EXERCISE PROMPT ▸ Return exactly the lines from the one containing "Used 2022 Toyota" through the last line of the records below, both included, and leave out any pictures.

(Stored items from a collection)
______
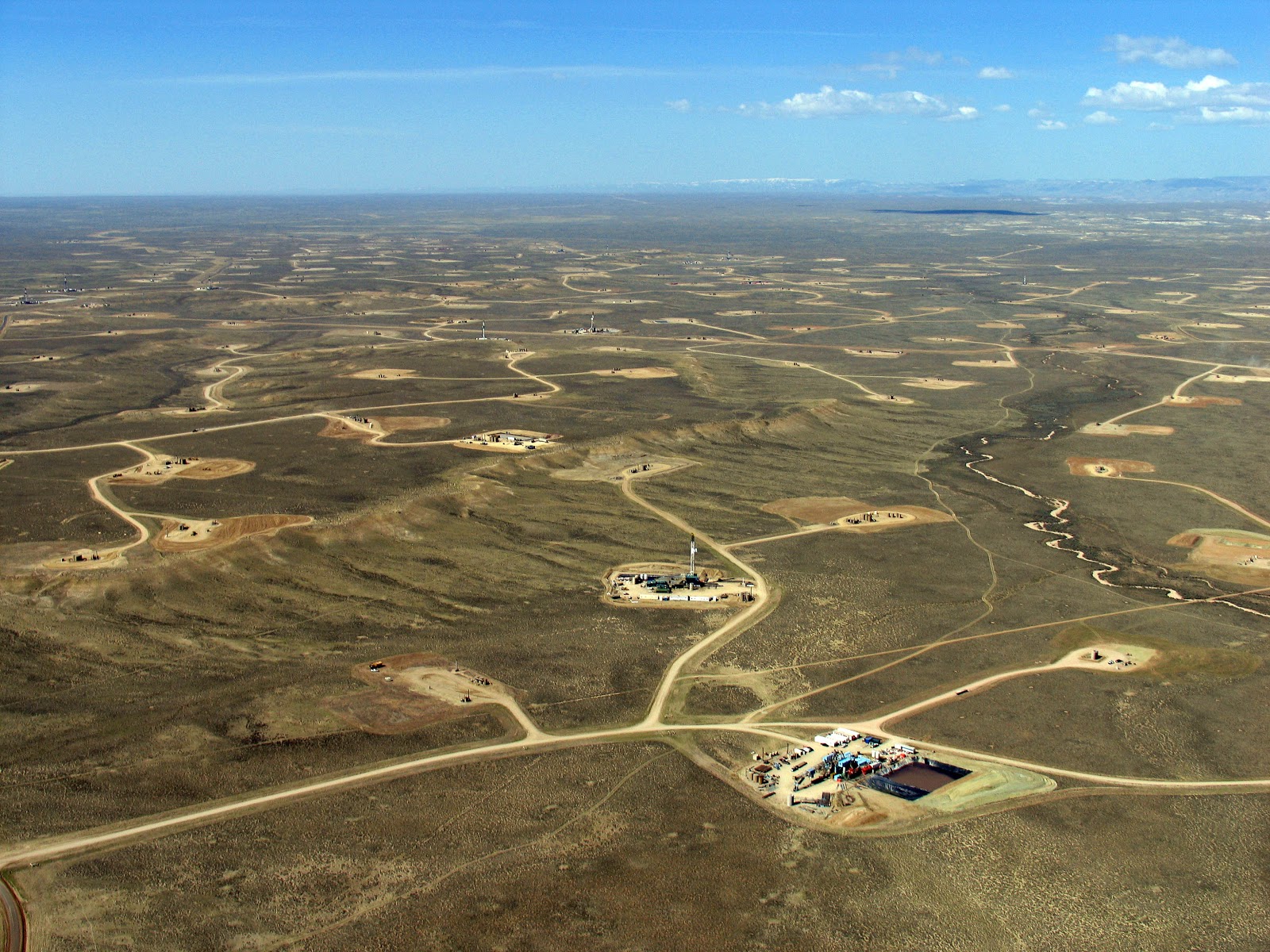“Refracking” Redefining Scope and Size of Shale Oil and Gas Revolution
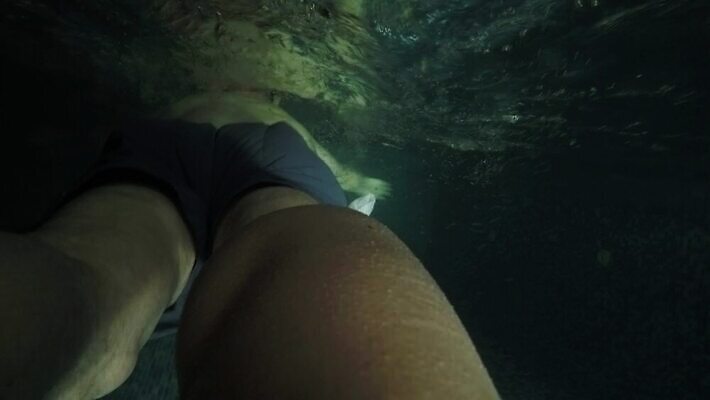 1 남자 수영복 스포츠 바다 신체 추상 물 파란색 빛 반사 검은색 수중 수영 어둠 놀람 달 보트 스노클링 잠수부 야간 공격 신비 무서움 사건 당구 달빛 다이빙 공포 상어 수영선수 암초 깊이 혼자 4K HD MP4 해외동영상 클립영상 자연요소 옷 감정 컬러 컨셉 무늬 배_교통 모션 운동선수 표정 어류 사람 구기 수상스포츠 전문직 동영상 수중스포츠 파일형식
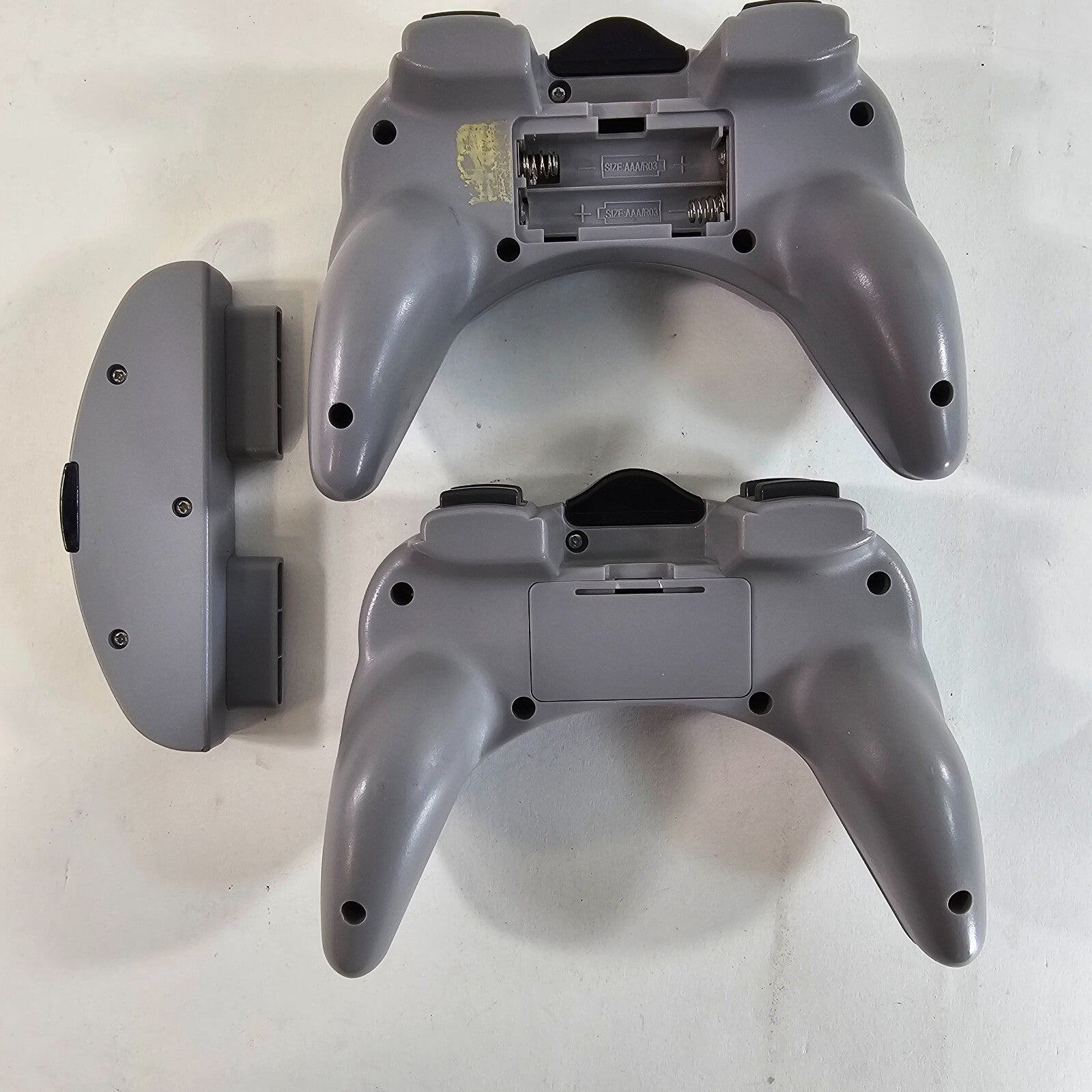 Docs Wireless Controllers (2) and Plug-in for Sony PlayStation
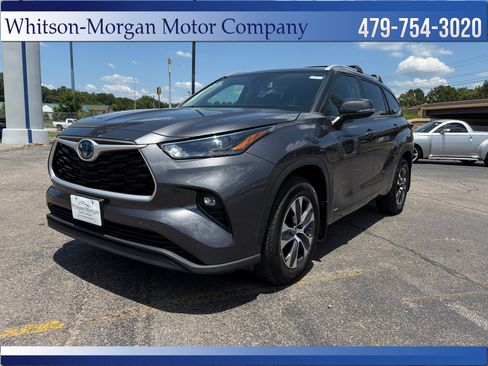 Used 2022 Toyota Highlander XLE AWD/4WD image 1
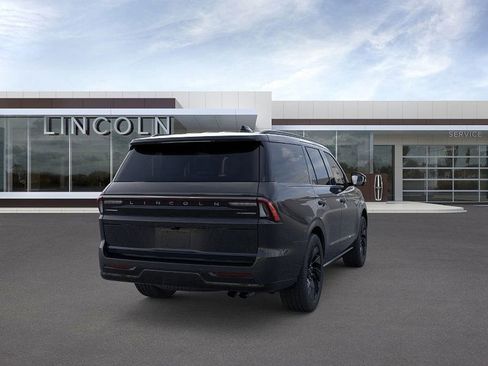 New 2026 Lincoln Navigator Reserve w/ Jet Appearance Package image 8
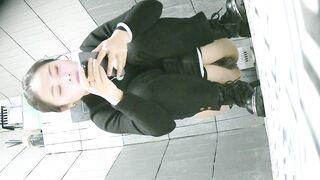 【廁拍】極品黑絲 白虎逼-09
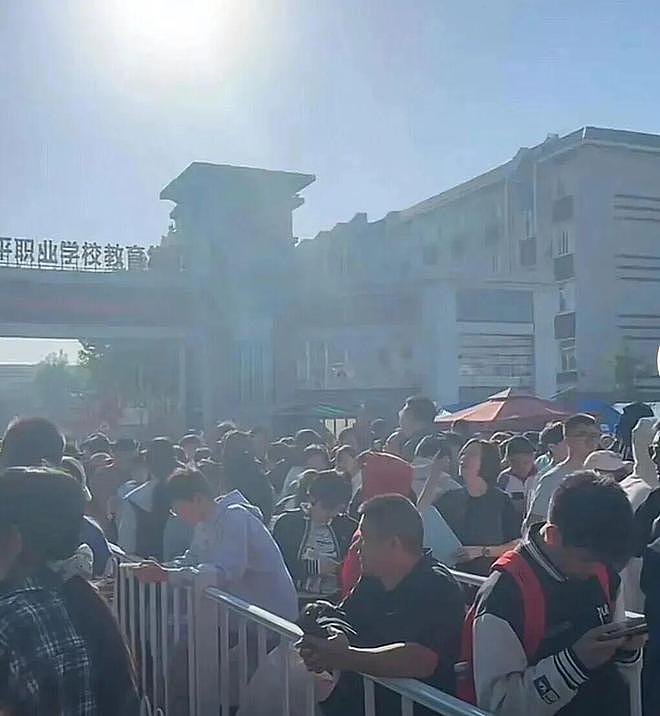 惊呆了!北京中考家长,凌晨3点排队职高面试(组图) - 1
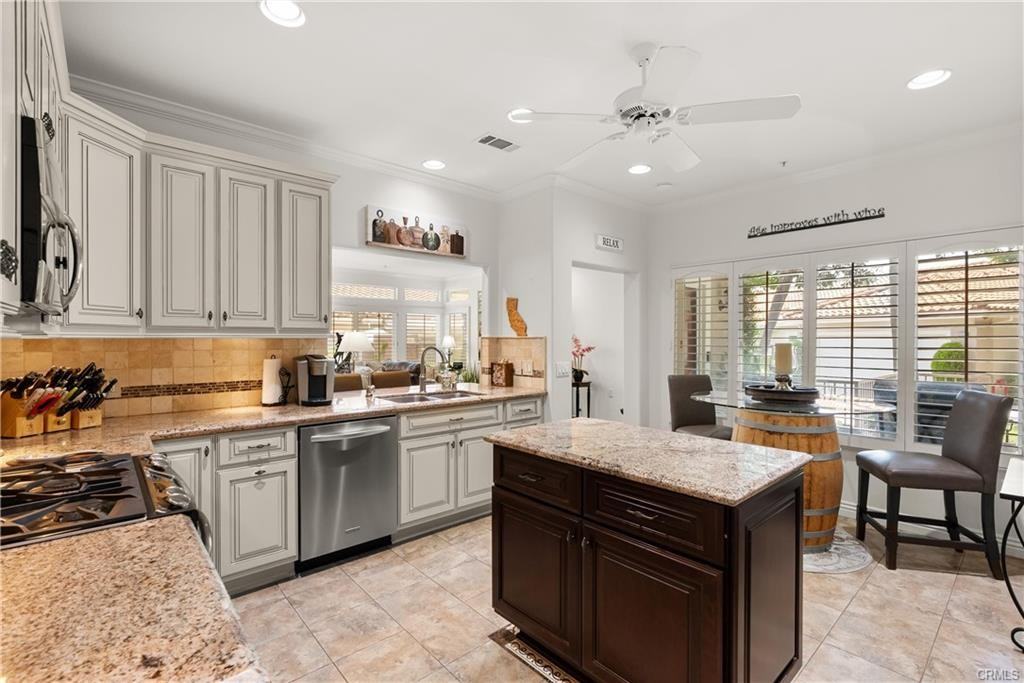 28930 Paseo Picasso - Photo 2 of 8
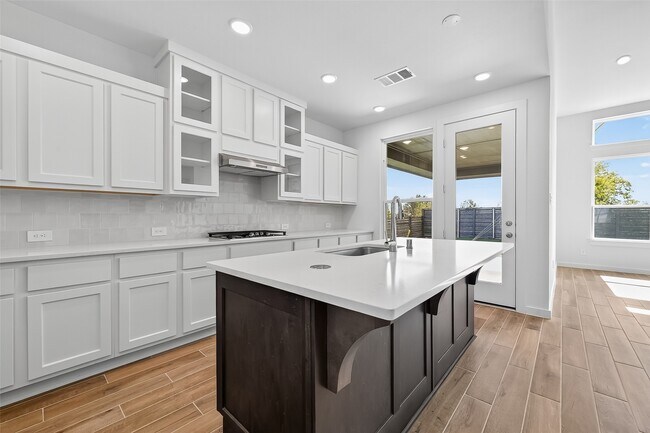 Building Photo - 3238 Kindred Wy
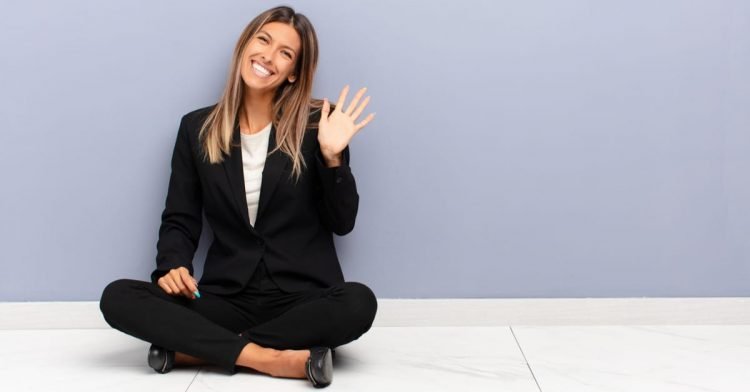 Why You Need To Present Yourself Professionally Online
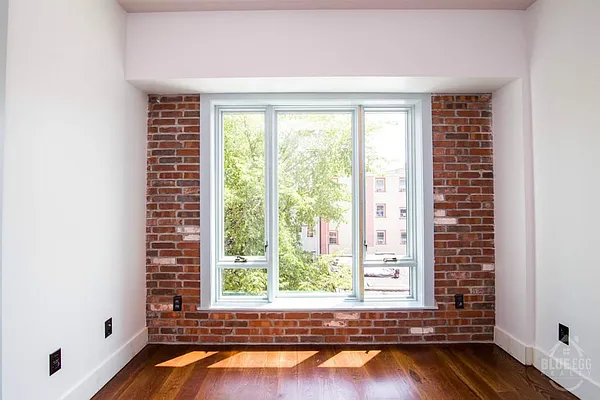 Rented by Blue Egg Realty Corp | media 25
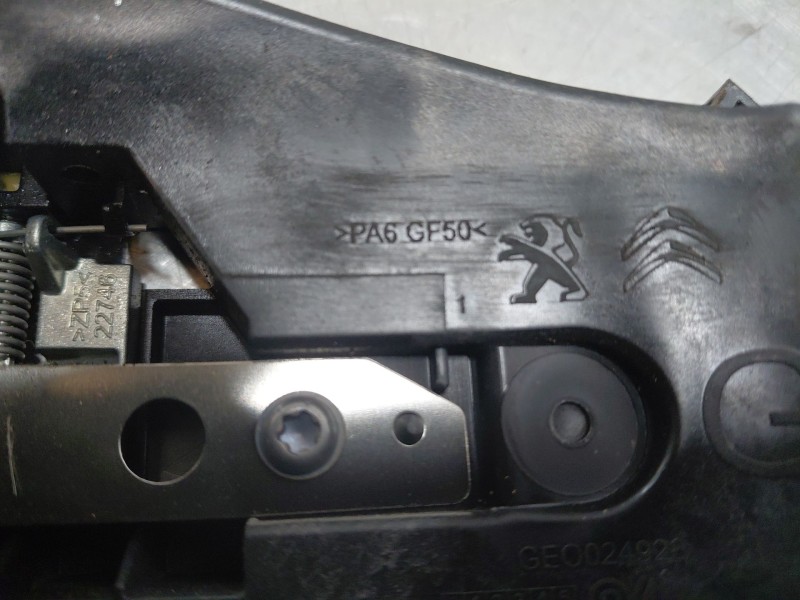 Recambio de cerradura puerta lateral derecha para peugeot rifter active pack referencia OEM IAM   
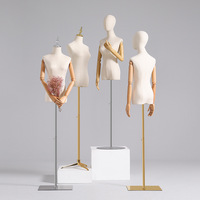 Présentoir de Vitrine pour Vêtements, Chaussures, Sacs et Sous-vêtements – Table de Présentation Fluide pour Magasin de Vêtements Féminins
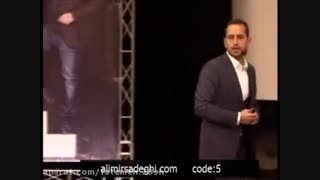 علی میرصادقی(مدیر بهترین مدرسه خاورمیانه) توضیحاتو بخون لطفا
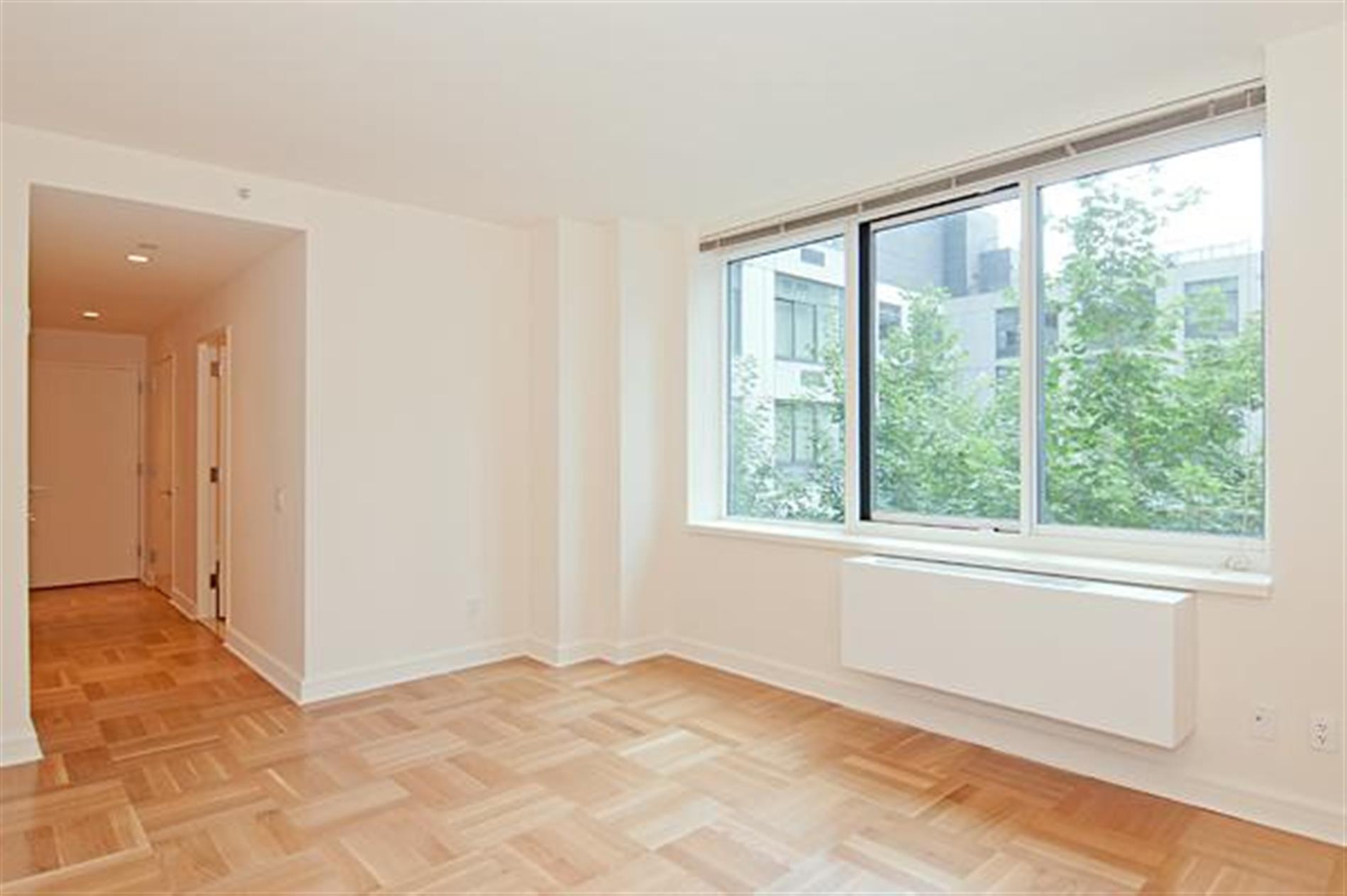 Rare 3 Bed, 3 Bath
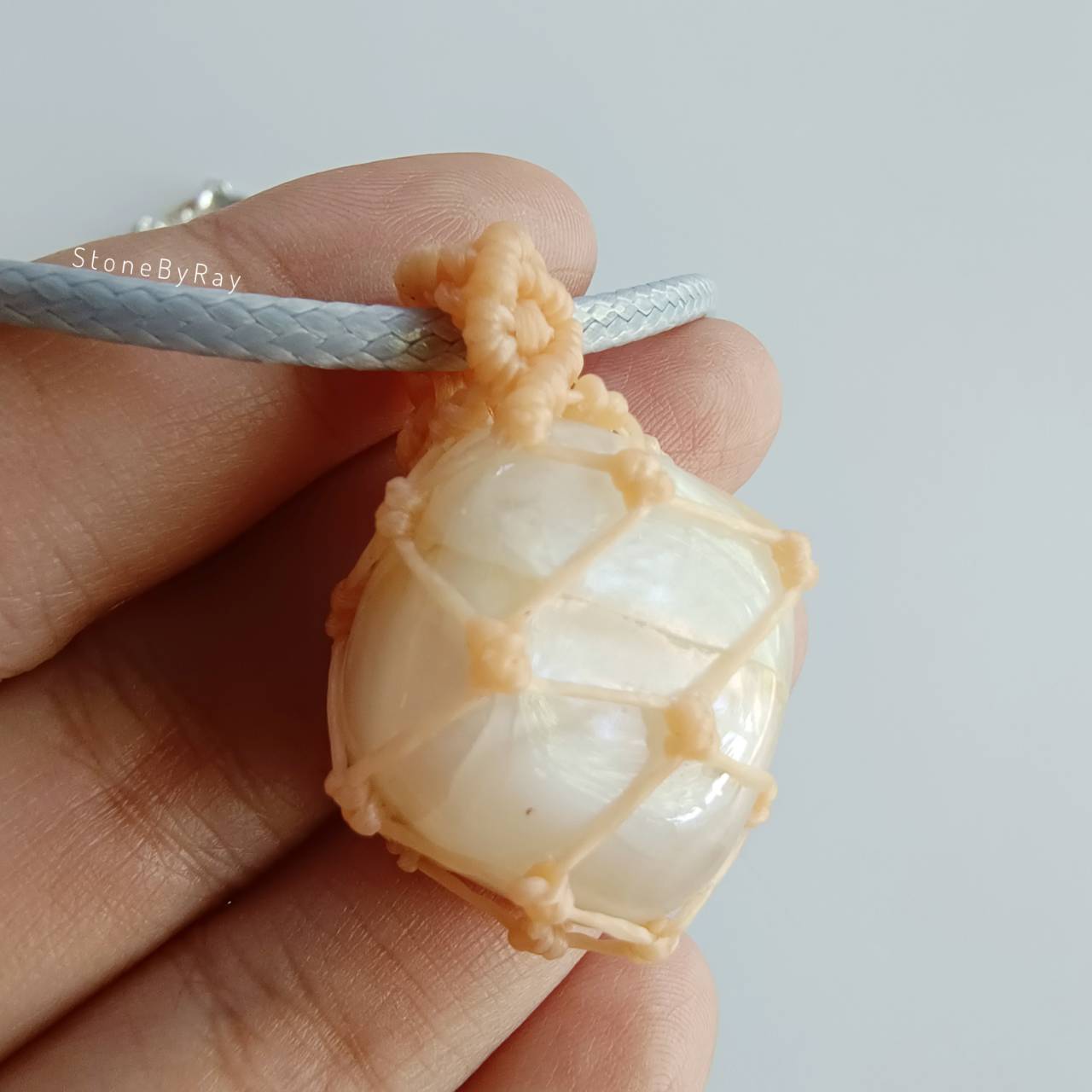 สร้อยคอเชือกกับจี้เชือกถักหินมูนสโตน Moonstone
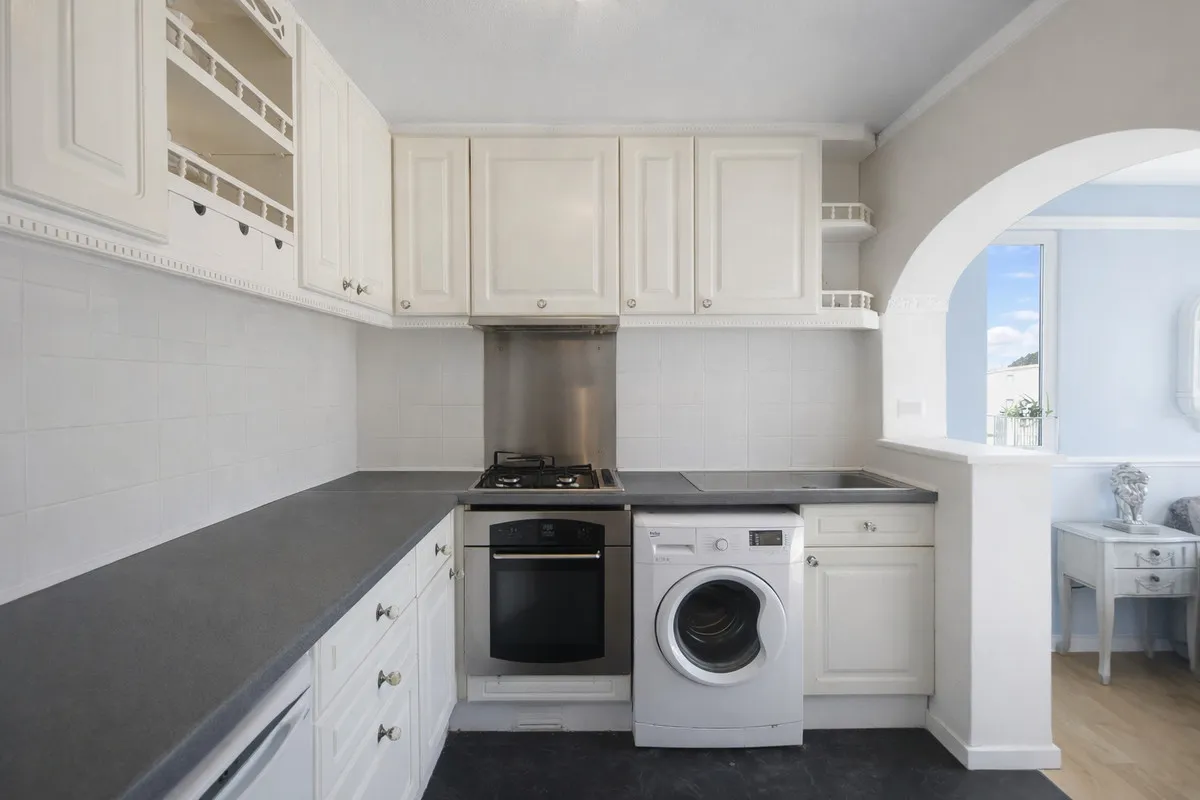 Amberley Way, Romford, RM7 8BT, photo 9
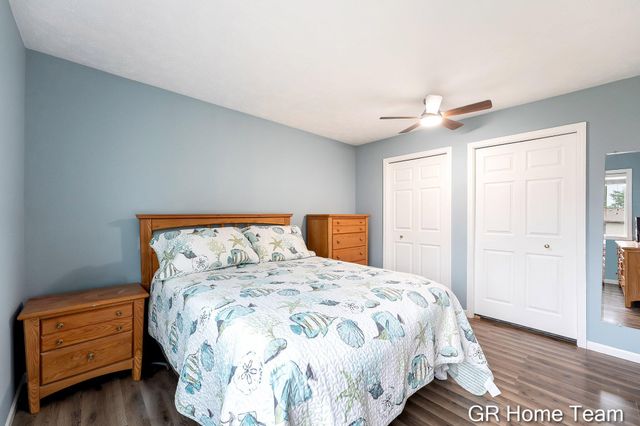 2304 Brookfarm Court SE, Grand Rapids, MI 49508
______
ANSWER BOX ▸
 Used 2022 Toyota Highlander XLE AWD/4WD image 1
 New 2026 Lincoln Navigator Reserve w/ Jet Appearance Package image 8
 【廁拍】極品黑絲 白虎逼-09
 惊呆了!北京中考家长,凌晨3点排队职高面试(组图) - 1
 28930 Paseo Picasso - Photo 2 of 8
 Building Photo - 3238 Kindred Wy
 Why You Need To Present Yourself Professionally Online
 Rented by Blue Egg Realty Corp | media 25
 Recambio de cerradura puerta lateral derecha para peugeot rifter active pack referencia OEM IAM   
 Présentoir de Vitrine pour Vêtements, Chaussures, Sacs et Sous-vêtements – Table de Présentation Fluide pour Magasin de Vêtements Féminins
 علی میرصادقی(مدیر بهترین مدرسه خاورمیانه) توضیحاتو بخون لطفا
 Rare 3 Bed, 3 Bath
 สร้อยคอเชือกกับจี้เชือกถักหินมูนสโตน Moonstone
 Amberley Way, Romford, RM7 8BT, photo 9
 2304 Brookfarm Court SE, Grand Rapids, MI 49508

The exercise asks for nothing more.